I'm confused about the limitations on the ASN.1 SET type. In general, I realize that a SET type is basically the same as a SEQUENCE, except the order of the components doesn't matter.

The seminal book on ASN.1, "ASN.1 — Communication Between Heterogeneous Systems" by Olivier Dubuisson, has this to say about SETs:

If the component order of the SEQUENCE type does not matter, the key- word SET is used for modeling such a non-ordered structure:

 Description ::= SET {    
   surname IA5String,   
   first-name IA5String,  
   age INTEGER  }

In this case, the application can provide the components to the encoder in the best order for it.


What I immediately notice here is that in Dubuisson's example, the SET has two IA5String types in it. This seems to contradict what I've read here in this tutorial, which explicitly says that:

The type and value notations for SET are similar to SEQUENCE, except that the type of each component must be distinct from all others and the values can be in any order.

So how can a SET legally have two IA5String types? I'm inclined to trust Olivier Dubuisson's book over some random Internet tutorial, however, it doesn't make any sense that a SET type could have multiple components of the same type. The reason is that, in ASN.1, type identifiers aren't encoded, (at least for most common encodings like BER) so the decoder would have no way of knowing which component the IA5String applies to - is it surname or firstname? There's no way to tell if the ordering doesn't matter.

So did Olivier Dubuisson make a huge mistake here? (He also doesn't mention anywhere in his lengthy description of SET types anything about the fact that a SET can't have more than one of each type.)

Was it helpful?

Solution 2

If there are two components with the same type in a SET, they can indeed not be distinguished. The example can still be correct provided it appears in a module with automatic tagging.

OTHER TIPS

The standard (X.680, 27.3) requires that the types of the components of a SET type all have different tags.

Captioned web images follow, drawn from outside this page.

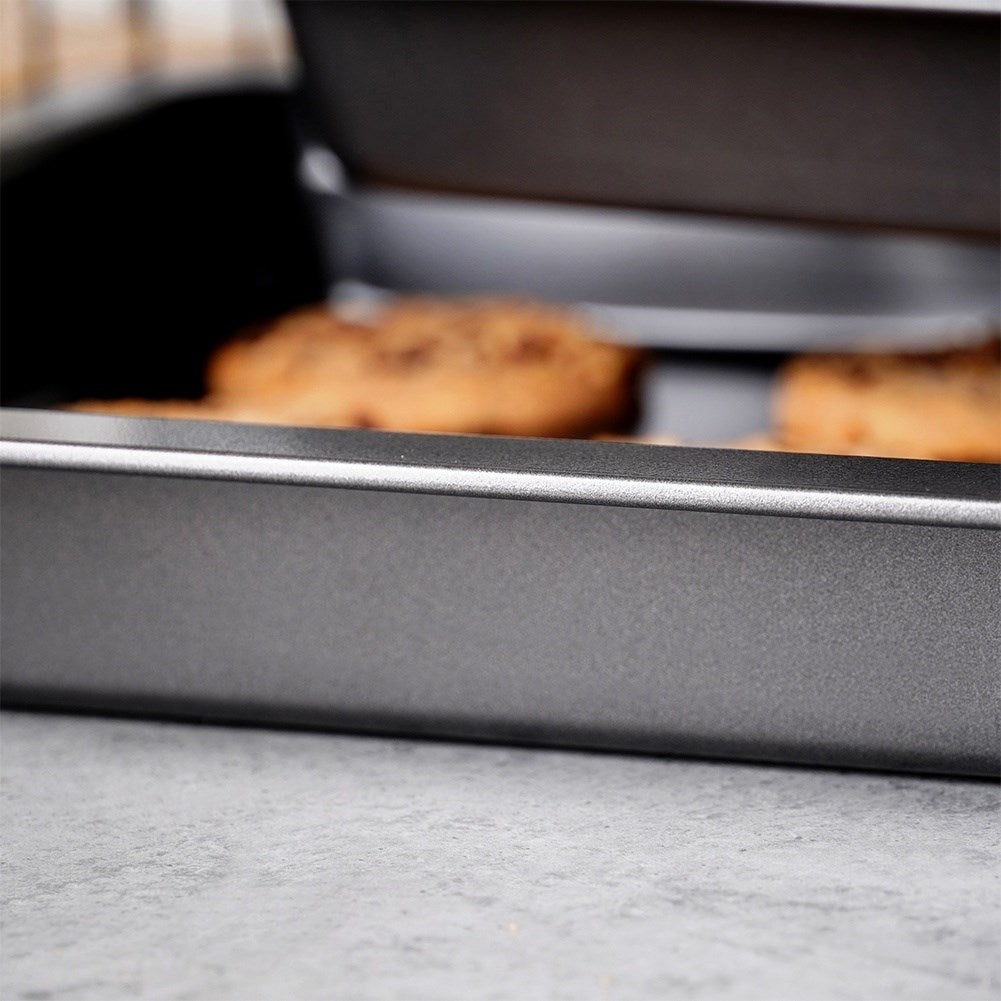 Three rectangular baking trays with non-stick coating
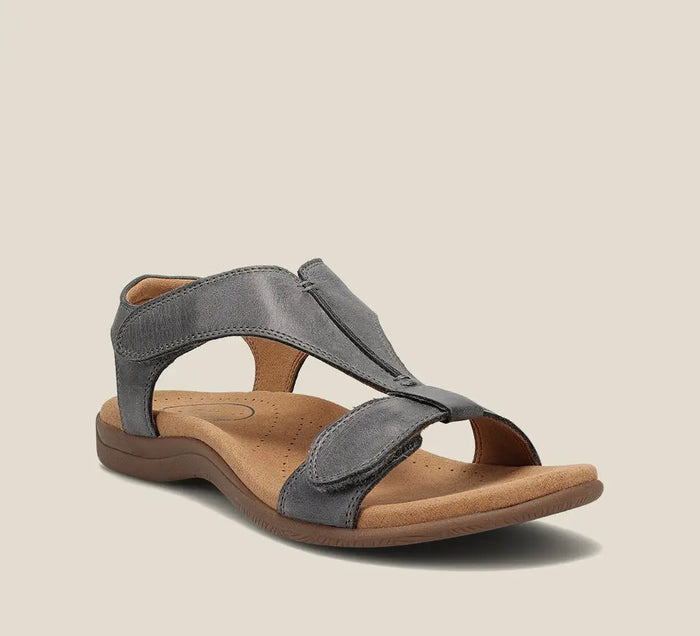 Women’s vegan leather T-strap sandals featuring comfortable summer footwear design, stylish and perfect for warm-weather wear.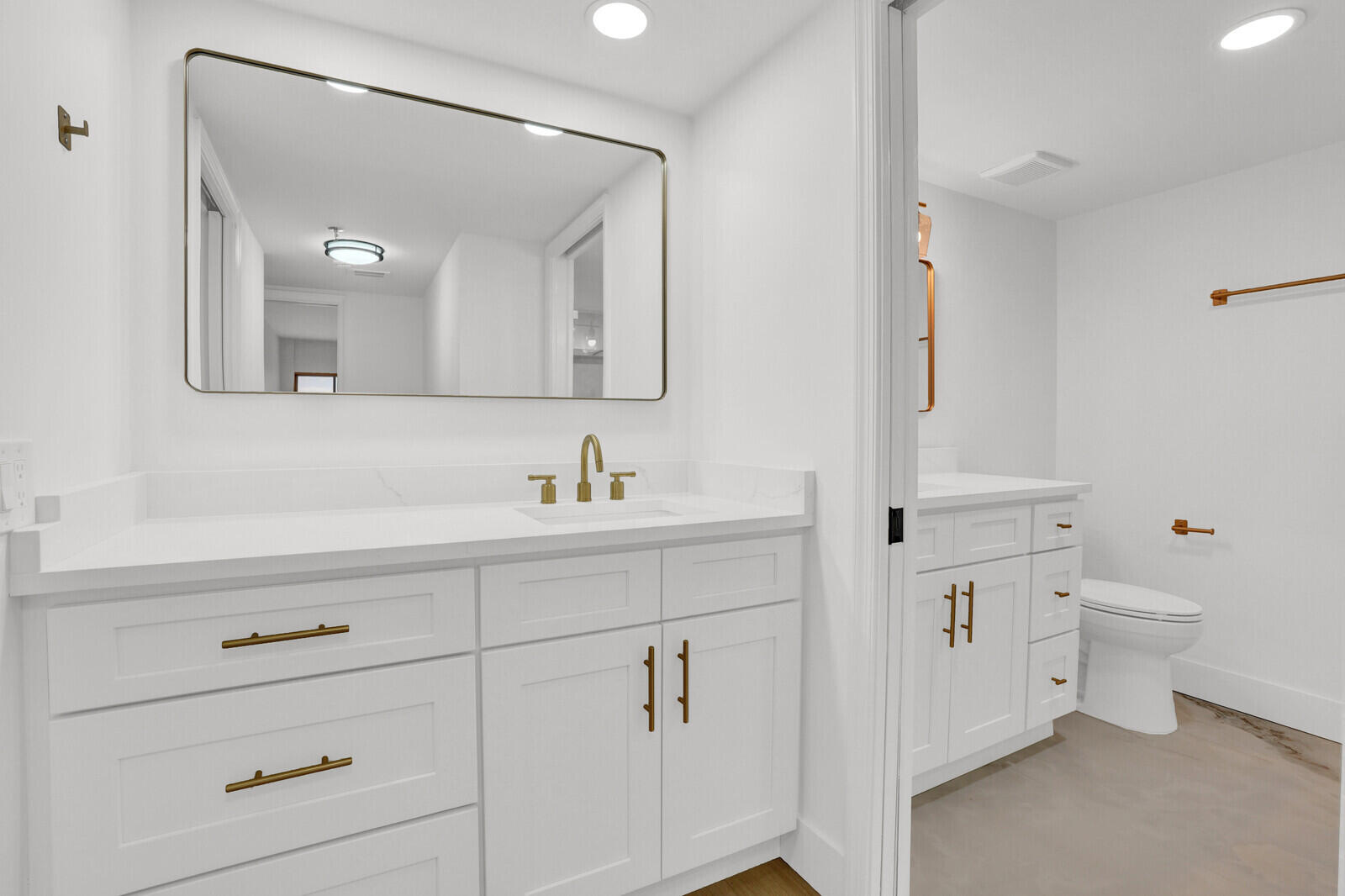 9260 Southwest 14th Street, Unit 2508 Boca Raton, FL 33428 - Photo 24 of 49 a bathroom with a toilet a sink a mirror and vanity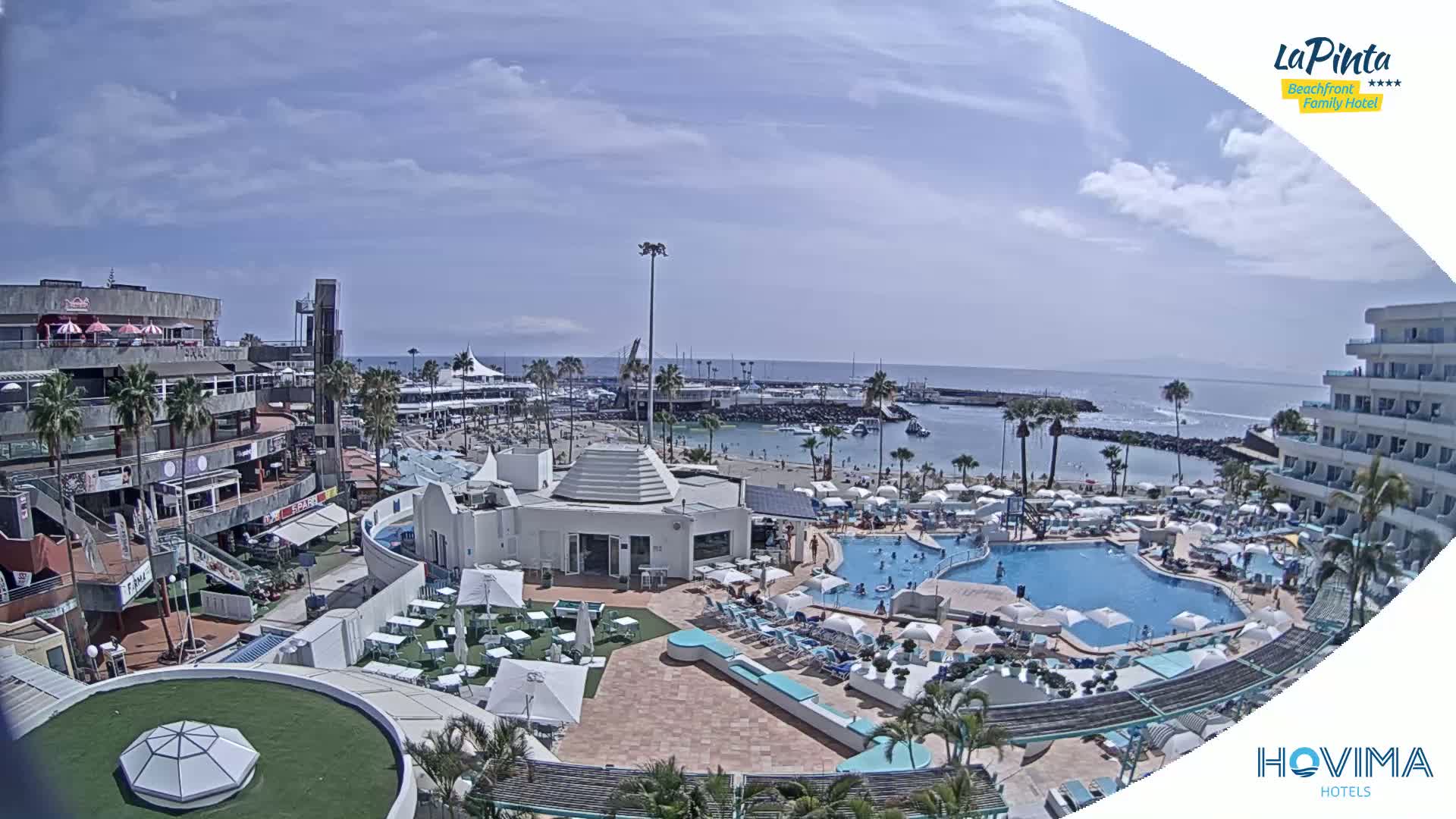 An aerial view of a resort with a swimming pool and beach, under a partly cloudy sky.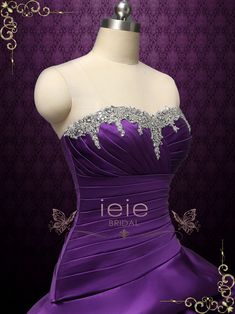 a purple dress with white lace on the top and silver beading around the bust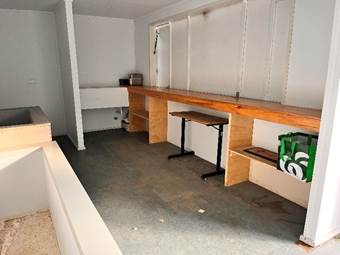A room with a table and benches

AI-generated content may be incorrect.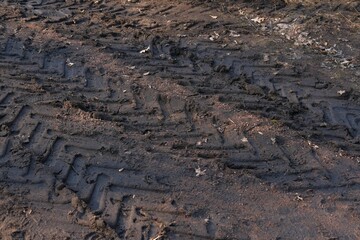 Tire tracks of car or truck on muddy field or dirt road after rain. Driving in bad conditions concept. Season specific in car maintenance. Vehicle cross-country ability in different weather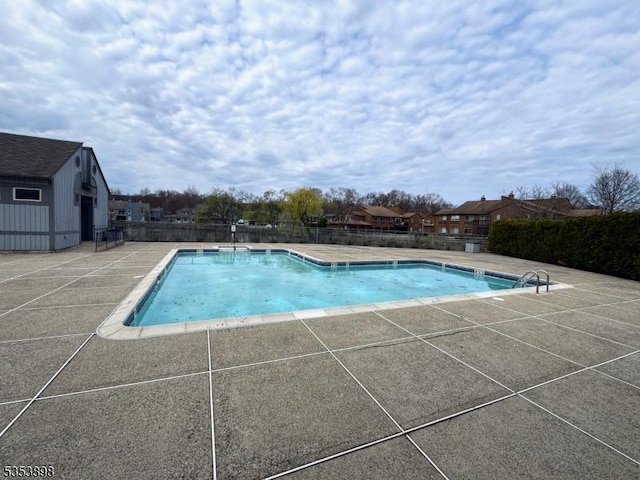 community pool with a patio and fence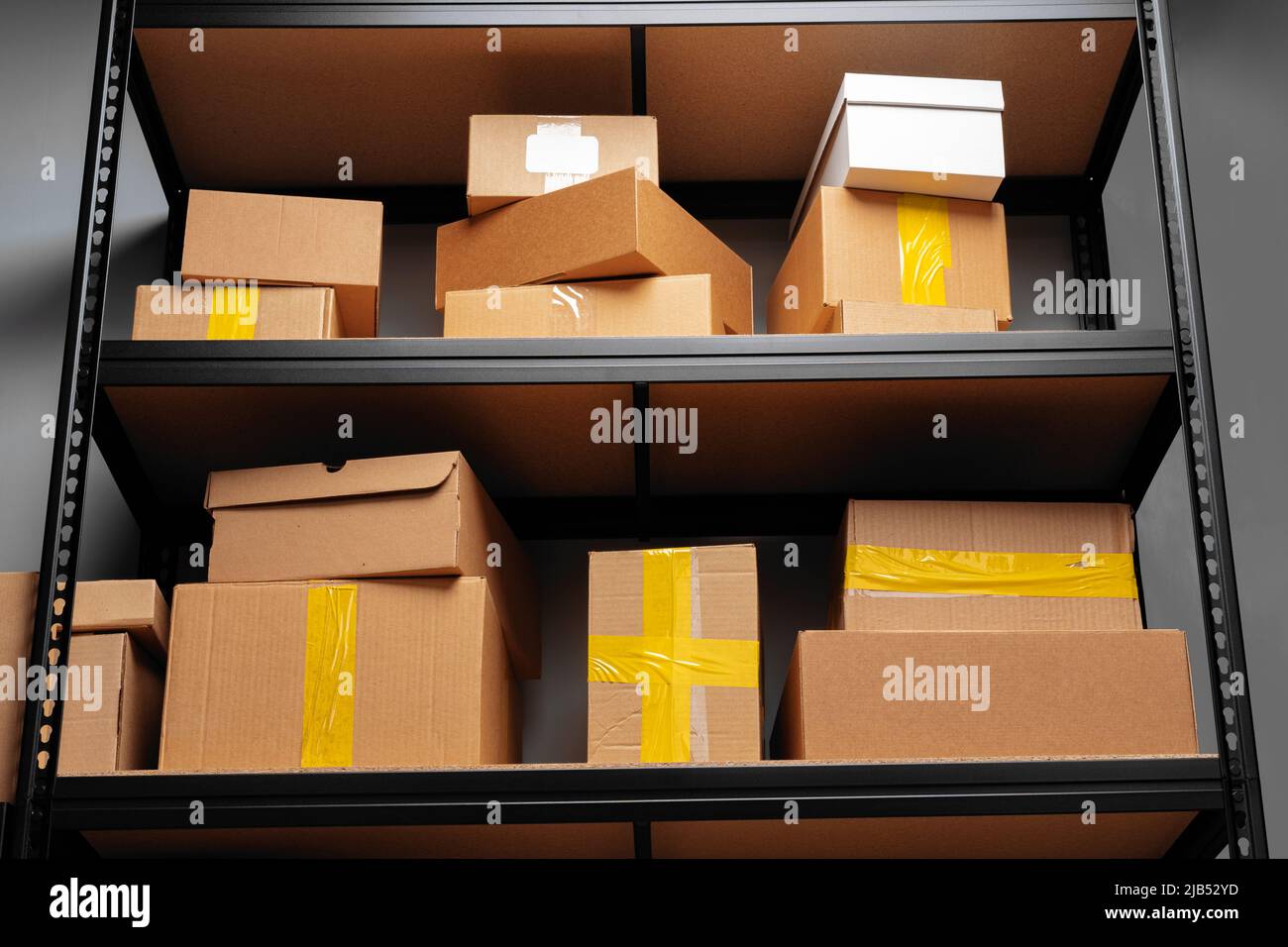Rows of shelves with cardboard boxes in modern warehouse Stock Photo ...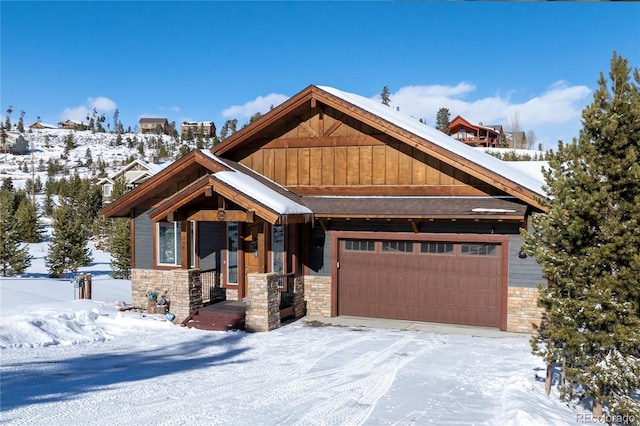 view of front facade featuring stone siding, board and batten siding, and a garage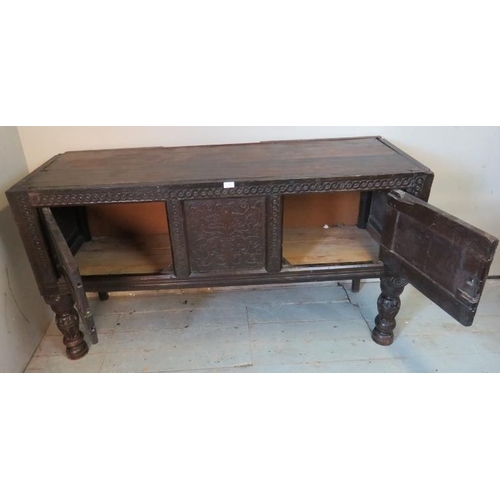 717 - A large antique oak sideboard composed of ornately carved 17th century elements, featuring carved fr... 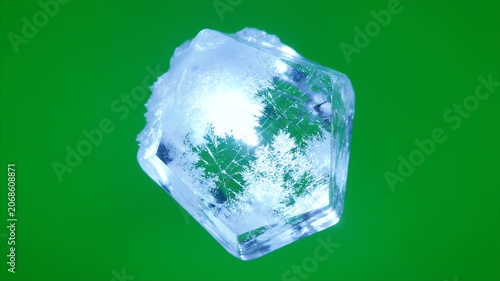 A close-up shot showcases a translucent, icy crystal formation against a vibrant green background, highlighting its intricate structure and frosty details.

The "Description" type in the example violates this requirement if the enclosing ASN.1 module has IMPLICIT TAGS or EXPLICIT TAGS (because the types of the components surname and first-name have the same tag "universal 22"), but it is legal if the enclosing ASN.1 module has AUTOMATIC TAGS (because the types of those components now have different tags--"context-specific 0" and "context-specific 1", respectively--automatically assigned to them in replacement of the "universal 22" tags).